Strong domestic inflows drove a lot of these stocks higher. Both valuations and positioning for some of these companies got crowded. So, the correction we saw is quite healthy because it took out some excesses in the markets.
One of the core views we had coming into the year was that markets would rotate from small and mid caps to large caps. This seems to have already happened in the past five weeks.
Looking at how much these segments ran up in aggregate, we sense that the markets can see more price or time correction in the coming quarters.
Markets have seen a sharp rise in the number of retail investors. What has been the effect of this retail story on Indian equity markets?
We have been seeing strong SIP [systematic investment plan] flows for a while now. If you look at inflow from domestic institutional investors, they have been higher than FII [foreign institutional investor] numbers for three years in a row. It has been a few years already where the strong domestic flows are more than offsetting the weakness in the foreign flows.
We think some of it is secular because of this broader theme about the financialisation of household savings. In general, the Indian household is still under-invested. Households have around 6–7% ownership as a percentage of their balance sheets in equity markets, which is lower than the 15% average we have for the rest of the region. I think there is still room to grow.
This is offsetting weakness from foreign flows. It is also causing much lower volatility. During global risk-off moves, markets do not move much because retail investors buy on the dips.
Is there any difference in how foreign and retail investors read the Indian markets? Not everybody is aware of every fundamental parameter used to gauge stocks?
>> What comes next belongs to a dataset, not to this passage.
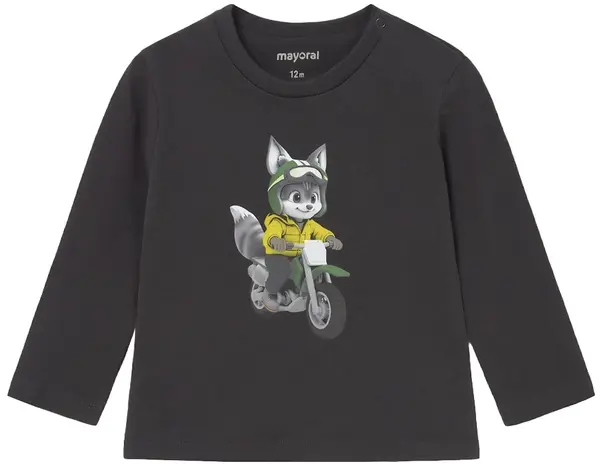 Tricou cu mânecă lungă Mayoral - Pisicuță motociclistă, gri, 18 luni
An FII typically tends to be focused on large caps. One of the reasons why we feel markets will rotate towards large caps is that foreign inflows will improve.
For retail [investors], their flows are going into the mid- and small-cap space. There is a huge divergence here. However, both are raising exposure in the Indian markets on the back of strong fundamentals. Foreign investors have a constraint in terms of liquidity in the small-cap space. A lot of companies in Make in India and energy transition themes are in the mid-cap space so FIIs are exposed to those themes and stocks.
In addition to retail investors directly investing in the stock markets, a lot of money is finding its way through mutual funds via the SIP route. So, there is a part of retail money being invested on the back of strong fundamentals.
Individual investors have been dealing in the futures and options market which is speculative in nature. How big a threat is this?
It is not a systemic concern for two reasons. One, we do not think a lot of the trading in these segments is happening on the margins. Two, the overall delta exposure in the system is not high because the bulk of activity is in the contracts that are expiring the same day. In this scenario, the chances of systemic risk from this segment to the broader markets are less.
What themes do you expect will dominate in 2024?
Last year was one of mid and small caps in India. This year will be about large caps. If you look at it from a factor lens, what has been working for India is ‘size’ factor—i.e. mid and small caps—but also the momentum and value factors.
We also think that investors will shift focus towards more quality pockets of the market. Hence, high-quality companies with strong balance sheets, cash flows and higher ROEs [return on equities] will start to do much better. There will be churning in the market. What is also encouraging is that over the past month or so, we have also seen foreign flows coming back in.
The reality of the Indian markets is that if you look at foreign ownership or foreign positioning in India, it is still relatively conservative, towards the lower end of its historical range over the past decade. There is strong room to grow.